Unfortunately, this isn’t quite true. The amount of transient protection required to maintain the reliable operation of your circuit depends on the application environment in which your circuit must operate and on the type of transients that can be expected within this environment. In fact, heraldic on-chip protection is often insufficient to protect your bus node design against real-world transients.

Major Transient Types

The three major types of transients are electrostatic discharge (ESD), electrical fast transient (EFT), and surge transients. To ensure circuit robustness against these transients, the International Electrotechnical Commission (IEC) has specified a series of transient immunity tests in the IEC61000-4 family of electromagnetic compatibility (EMC) standards: IEC61000-4-2 for ESD immunity, IEC61000-4-4 for EFT immunity, and IEC61000-4-5 for surge immunity.

The ESD test simulates the electrostatic discharge of a human onto electronic equipment. Here, an ESD generator generates test pulses with a pulse width of less than 100 ns and a rise time of 1 ns. While this constitutes a pulse of low energy, the high pulse current can destroy a transceiver’s internal protection circuitry. Typically a sequence of 20 discharges of positive and negative polarity is applied with a one-second pause between pulses.

The burst test simulates switching transients due to relay contact bounce, or the interruption of inductive loads. These transients often are encountered in industrial environments, such as factory automation and process control.

In this case, a burst generator produces a burst of test pulses. Each burst provides roughly 15,000 transients with rise times of around 5 ns. A test sequence includes six bursts of 10 seconds each with a 10-second pause between bursts. Thus, within one minute several million pulses are applied to the device under test (DUT). Despite the low-pulse energy, the continuous pounding of transients upon the DUT presents an enormous threat to its internal protection circuitry.

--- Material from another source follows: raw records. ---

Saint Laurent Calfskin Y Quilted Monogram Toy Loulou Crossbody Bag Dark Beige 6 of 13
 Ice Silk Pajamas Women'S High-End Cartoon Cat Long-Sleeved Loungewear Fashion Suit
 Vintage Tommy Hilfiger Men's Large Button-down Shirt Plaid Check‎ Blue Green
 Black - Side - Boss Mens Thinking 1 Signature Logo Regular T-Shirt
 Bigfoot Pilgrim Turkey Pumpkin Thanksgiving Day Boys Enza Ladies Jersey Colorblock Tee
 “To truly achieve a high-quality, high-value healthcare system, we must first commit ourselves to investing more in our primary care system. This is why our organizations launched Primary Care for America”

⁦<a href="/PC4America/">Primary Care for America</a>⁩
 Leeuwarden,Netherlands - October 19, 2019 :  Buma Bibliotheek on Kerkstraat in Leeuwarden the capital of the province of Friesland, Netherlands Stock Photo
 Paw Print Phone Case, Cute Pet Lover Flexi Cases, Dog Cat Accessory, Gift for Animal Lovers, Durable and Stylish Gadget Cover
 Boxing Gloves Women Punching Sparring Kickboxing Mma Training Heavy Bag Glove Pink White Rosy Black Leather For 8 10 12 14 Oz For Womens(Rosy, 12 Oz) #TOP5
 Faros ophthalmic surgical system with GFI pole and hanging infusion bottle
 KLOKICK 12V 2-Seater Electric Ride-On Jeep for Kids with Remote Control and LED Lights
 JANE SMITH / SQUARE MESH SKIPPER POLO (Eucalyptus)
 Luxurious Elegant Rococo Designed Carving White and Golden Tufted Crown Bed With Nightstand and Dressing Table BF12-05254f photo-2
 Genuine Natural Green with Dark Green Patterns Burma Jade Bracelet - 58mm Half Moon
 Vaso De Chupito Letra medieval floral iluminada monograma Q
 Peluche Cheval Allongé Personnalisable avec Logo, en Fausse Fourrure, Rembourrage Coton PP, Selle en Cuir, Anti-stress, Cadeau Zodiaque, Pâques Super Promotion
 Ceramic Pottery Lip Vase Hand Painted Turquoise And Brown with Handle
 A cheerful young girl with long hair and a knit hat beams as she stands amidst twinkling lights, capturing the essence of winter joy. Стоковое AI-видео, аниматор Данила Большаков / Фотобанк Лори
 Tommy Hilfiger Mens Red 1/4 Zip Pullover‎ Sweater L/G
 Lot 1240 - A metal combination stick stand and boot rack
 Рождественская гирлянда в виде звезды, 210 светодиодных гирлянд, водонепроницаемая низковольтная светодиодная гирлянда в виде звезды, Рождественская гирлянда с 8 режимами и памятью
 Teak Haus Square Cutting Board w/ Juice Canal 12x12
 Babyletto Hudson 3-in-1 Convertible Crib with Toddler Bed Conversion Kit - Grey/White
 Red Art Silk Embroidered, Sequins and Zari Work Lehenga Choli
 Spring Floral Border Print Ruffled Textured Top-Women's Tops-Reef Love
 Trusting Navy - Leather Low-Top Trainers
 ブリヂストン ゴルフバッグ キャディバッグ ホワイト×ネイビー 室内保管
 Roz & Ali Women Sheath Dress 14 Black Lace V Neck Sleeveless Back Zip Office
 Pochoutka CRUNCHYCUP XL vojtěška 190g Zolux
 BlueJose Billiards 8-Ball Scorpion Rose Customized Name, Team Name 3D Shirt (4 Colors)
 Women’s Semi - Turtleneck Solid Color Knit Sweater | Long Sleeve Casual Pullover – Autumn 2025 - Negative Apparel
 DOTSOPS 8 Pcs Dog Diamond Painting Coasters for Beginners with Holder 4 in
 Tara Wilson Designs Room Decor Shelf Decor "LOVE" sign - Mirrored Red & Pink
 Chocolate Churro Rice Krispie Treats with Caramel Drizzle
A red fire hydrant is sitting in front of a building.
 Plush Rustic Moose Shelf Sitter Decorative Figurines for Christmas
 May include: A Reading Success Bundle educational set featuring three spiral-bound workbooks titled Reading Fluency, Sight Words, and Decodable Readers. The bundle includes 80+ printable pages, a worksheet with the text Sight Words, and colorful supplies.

The surge test simulates transients resulting from lightning strikes (direct strike or induced voltages and currents due to an indirect strike), or the switching of power systems including load changes and short circuits switching. These transients are about 1000 times longer than ESD or burst transients. Also, the surge generator’s low source impedance creates high surge currents at high voltages, producing high-energy pulses.

At lower levels (500 V to 1 kV), these transients occur in industrial automation. At higher levels (5 kV to 6 kV), they occur in power grid systems. Because of the high pulse energy, the surge test is commonly limited to five positive and five negative pulses with a one-minute pause between pulses (Fig. 1).


1. The ESD test simulates the ESD of a human onto electronic equipment (a). The burst test simulates switching transients due to relay contact bounce or the interruption of inductive loads (b). The surge test simulates resulting from lighting strikes or the switching of power systems including load changes and short circuits switching (c). Currents and voltages are normalized. For absolute values, refer to the actual standard.

Power And Energy Comparison

To compare the power levels and energy contents between the different transient types unleashed onto a transient protection circuit, test circuits are built and the clamping voltages and currents measured during a transient event. Figure 2 compares the pulse-power of the EFT and surge transients with the power caused by an IEC-ESD transient.


2. There is a significant difference between the pulse power of EFT and surge transients and the power caused by an IEC-ESD transient (a). Then, there’s another jump from the power of the 500-V surge transients found in factory environments in industrial and process automation and the 6-kV surge transients in e-metering applications of power grid systems (b).

The tiny blue blip in the bottom left corner of Figure 2a represents the power of a 10-kV ESD transient, which already is dwarfed by the significantly higher EFT power spike and certainly by the 500-V surge transient. This type of transient power is highly representative for factory environments in industrial and process automation.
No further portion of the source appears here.